I would disagree. Just because you don't quite understand something, doesn't mean your concerns are not worth consideration - consider the recent zoom TOS issue. I doubt that many of us have a deep understanding of how that data's being used, or the internal guidelines that zoom follows for its data use, and most people aren't lawyers specializing in IP law to know exactly how the law would treat zoom if they were to accidentally (or "accidentally") leak IP. We just see that they are putting in a clause in their TOS to allow themselves to do so, remember our own heuristics of how LLM have behaved in the past, and understandably start raising questions. For all we know, zoom's AI might be something constrained to a framework which doesn't allow for such data leaks to occur, or it's generative capabilities might be constrained in some other way. They're just demanding legal permission to do so, but that still rubs a lot of us the wrong way. Our concerns are still justified, even if Zoom never actually touches AI. Artists lack as concrete heuristics as the technical crowd. But they still have concerns that need addressing, and those concerns about the effects of AI still should be considered and respected. If the details of the situation don't match their concerns, care should be taken to explain how they don't match to the people in question, in a way that isn't looking down on them (admittedly, trying to be the calm voice is often a waste of time on the internet) That said, if you were to make an informational video which succintly summarizes the technical details that are relevant to artists, it might become sufficiently popular to influence debate.
> It is not their job to learn how the black box works

If you have not learned the basics of how something works, you have no right for your opinion on it to be considered valid. Period.

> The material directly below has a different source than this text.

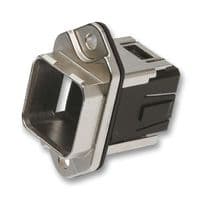 09 35 012 0311 - HARTING - 09 35 012 0311 - Connector Accessory, Bulkhead Housing, Harting Han Series PushPull RJ45 Connectors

Invalid opinions do harm to democracy and endanger our way of life.

Because fair use allows transformation and the output of their algorithm looks nothing like the input of the copyrighted work? For generative models its more complicated because generative models can actually reproduce large sections of a copyrighted work so transformation is a bit less clear.
They… quantify the number of adverbs and voices? I'm sorry, but have you ever read either a book or a review of one?
Yes, and they have 1000 times the spoilers and quotations and judgemental attitude of ... a summary of adverbs and voices.

So yes, I understand what a review is, thanks for the put-down, that certainly added something to the conversation.

I think we are in agreement - doing statistical analysis on written works is entirely a lesser thing than simple review, and is harmless.